Stephen Lovell-Davis has been, at various times, a train coupler, decorator, motorcycle courier, TV presenter and, as a last desperate resort, a freelance photographer. He started his career photographing bands at gigs. As a result of an incident at one of these where he got into a fight with Pete Townshend of The Who, he came to the attention of Chalkie Davies (NME picture editor) and his work was subsequently published in NME, Melody Maker and Sounds. He then got a holiday cover job working at the Hampstead and Highgate Express and photographed the Queen’s Silver Jubilee. These jobs led on to other editorial work over the next few years, mainly portraiture and reportage featuring in: Vogue, The Independent Magazine, The Daily Telegraph, The Sunday Times, The Guardian, Country Life, Time Out and Q. 
After photographing the Turner Prize shortlist for the Tate Gallery and Channel 4 for two years, he was invited to join a project photographing visual artists for the musician Peter Gabriel. This led to photographing Peter Gabriel himself and many world music artists for CD covers on the Real World record label. He has also provided album cover artwork and publicity pictures for the bands Talk Talk, Mark Hollis and Pig.
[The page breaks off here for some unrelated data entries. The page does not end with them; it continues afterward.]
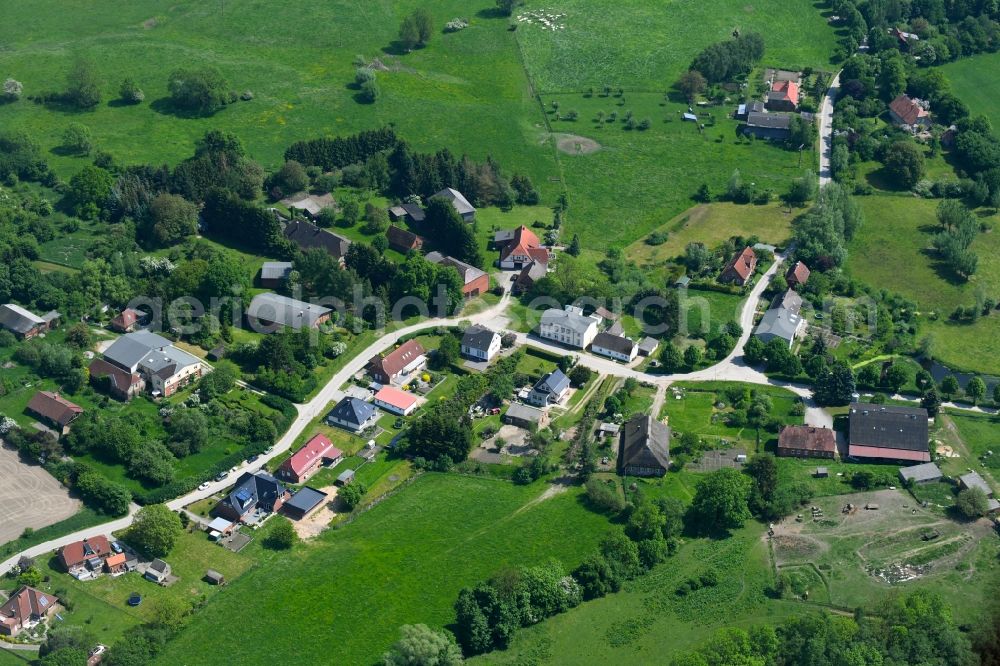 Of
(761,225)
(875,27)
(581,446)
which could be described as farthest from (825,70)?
(581,446)

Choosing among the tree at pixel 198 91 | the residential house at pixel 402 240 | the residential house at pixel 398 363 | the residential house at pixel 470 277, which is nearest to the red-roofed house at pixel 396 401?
the residential house at pixel 398 363

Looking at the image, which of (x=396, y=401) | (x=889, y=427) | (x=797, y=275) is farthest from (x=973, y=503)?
(x=396, y=401)

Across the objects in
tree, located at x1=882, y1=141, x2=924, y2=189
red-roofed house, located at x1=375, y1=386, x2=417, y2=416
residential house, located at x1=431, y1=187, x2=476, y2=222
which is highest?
tree, located at x1=882, y1=141, x2=924, y2=189

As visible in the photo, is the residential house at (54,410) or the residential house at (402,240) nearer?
the residential house at (54,410)

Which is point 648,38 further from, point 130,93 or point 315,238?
point 130,93

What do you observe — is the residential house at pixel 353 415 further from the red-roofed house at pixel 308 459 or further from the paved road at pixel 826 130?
the paved road at pixel 826 130

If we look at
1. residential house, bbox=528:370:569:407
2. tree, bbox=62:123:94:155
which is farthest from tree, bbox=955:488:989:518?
tree, bbox=62:123:94:155

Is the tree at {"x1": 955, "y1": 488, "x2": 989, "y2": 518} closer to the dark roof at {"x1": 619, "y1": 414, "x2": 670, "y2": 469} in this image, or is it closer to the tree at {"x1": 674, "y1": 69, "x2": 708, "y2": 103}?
the dark roof at {"x1": 619, "y1": 414, "x2": 670, "y2": 469} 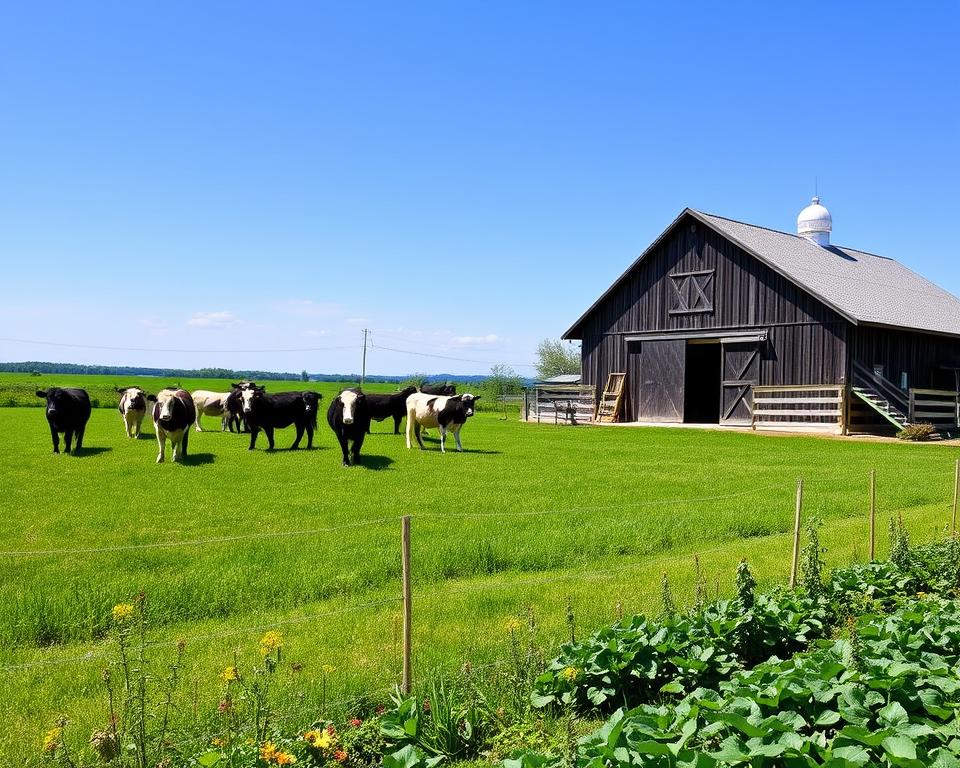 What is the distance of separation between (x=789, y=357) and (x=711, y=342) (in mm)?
3583

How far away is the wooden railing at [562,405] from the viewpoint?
36156 mm

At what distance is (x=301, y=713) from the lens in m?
Answer: 5.23

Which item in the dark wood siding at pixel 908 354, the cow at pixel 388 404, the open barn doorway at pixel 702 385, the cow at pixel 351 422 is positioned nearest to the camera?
the cow at pixel 351 422

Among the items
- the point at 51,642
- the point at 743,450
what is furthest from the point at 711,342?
the point at 51,642

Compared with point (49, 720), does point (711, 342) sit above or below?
above

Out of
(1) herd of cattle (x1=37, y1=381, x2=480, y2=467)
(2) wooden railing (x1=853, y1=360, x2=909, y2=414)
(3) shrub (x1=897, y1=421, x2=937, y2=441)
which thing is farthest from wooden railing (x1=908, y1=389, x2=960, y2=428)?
(1) herd of cattle (x1=37, y1=381, x2=480, y2=467)

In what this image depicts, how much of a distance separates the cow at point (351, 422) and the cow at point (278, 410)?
326 cm

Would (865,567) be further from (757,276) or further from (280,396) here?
(757,276)

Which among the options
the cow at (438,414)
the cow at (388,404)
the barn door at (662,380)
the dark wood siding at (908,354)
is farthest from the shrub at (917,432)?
the cow at (388,404)

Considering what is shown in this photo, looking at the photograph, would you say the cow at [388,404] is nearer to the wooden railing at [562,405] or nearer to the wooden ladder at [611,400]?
the wooden railing at [562,405]

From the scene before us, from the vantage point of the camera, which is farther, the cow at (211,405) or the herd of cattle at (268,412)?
the cow at (211,405)

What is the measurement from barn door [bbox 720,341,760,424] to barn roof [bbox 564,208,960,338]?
11.0 ft

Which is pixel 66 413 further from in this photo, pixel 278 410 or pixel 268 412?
pixel 278 410

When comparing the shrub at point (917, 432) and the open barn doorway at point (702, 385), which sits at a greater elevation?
the open barn doorway at point (702, 385) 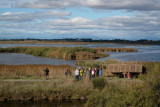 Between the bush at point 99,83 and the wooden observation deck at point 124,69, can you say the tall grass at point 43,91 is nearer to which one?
the bush at point 99,83

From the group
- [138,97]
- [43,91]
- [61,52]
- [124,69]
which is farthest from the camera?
[61,52]

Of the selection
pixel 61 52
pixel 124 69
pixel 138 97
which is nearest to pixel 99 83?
pixel 124 69

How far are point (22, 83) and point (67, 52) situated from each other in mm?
40541

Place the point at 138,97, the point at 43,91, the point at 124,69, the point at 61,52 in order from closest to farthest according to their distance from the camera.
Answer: the point at 138,97, the point at 43,91, the point at 124,69, the point at 61,52

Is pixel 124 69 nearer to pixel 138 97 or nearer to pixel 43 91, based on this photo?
pixel 43 91

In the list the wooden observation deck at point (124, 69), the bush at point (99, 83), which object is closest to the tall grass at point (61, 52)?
the wooden observation deck at point (124, 69)

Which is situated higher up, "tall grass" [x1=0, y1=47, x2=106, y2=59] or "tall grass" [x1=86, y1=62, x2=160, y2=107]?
"tall grass" [x1=86, y1=62, x2=160, y2=107]

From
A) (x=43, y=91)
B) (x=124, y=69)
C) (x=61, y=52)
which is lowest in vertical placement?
(x=43, y=91)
He has done a good deal of work for automotive magazines including: Top Gear, Car, Bike, Performance Bike and Land Rover Magazine. As a part of his work for Car and Top Gear magazine he has spent several weeks of his life trapped in a car with the Top Gear and Grand Tour presenter James May on motoring and travel stories. This turned out not to be such a trial due to a shared interest in crosswords, cafes and pubs.

Equipment 

For those of you with an interest in such things, I have used a variety of cameras over the years. The early 35mm pictures were taken on a Nikon F (the Apollo type - you can recognise these pictures by their rounded frame corners) and a Nikkormat FTN. Later I added a couple of Nikon FEs when the Nikkormat broke down. In 1996 I moved over to the Canon EOS 1n because their autofocus was so much better and I struggled with action photos for car and bike magazines (it helped a bit but I am fundamentally no good at action photography). I have also had several Olympus XAs, a Nikon FM2n and a Leica M6 (my favourite camera). In medium format I have used a Yashicamat, Bronica ETRS, Mamiya C330, Hasselblad 500CM, Hasselblad SWC, Mamiya RZ67, Pentax 6x7 and a Rolleiflex 3.5F. Digitally, I started with the Canon 5D mkII and since have used the 5D mkIII, Sony A7R II and a Fuji X100T.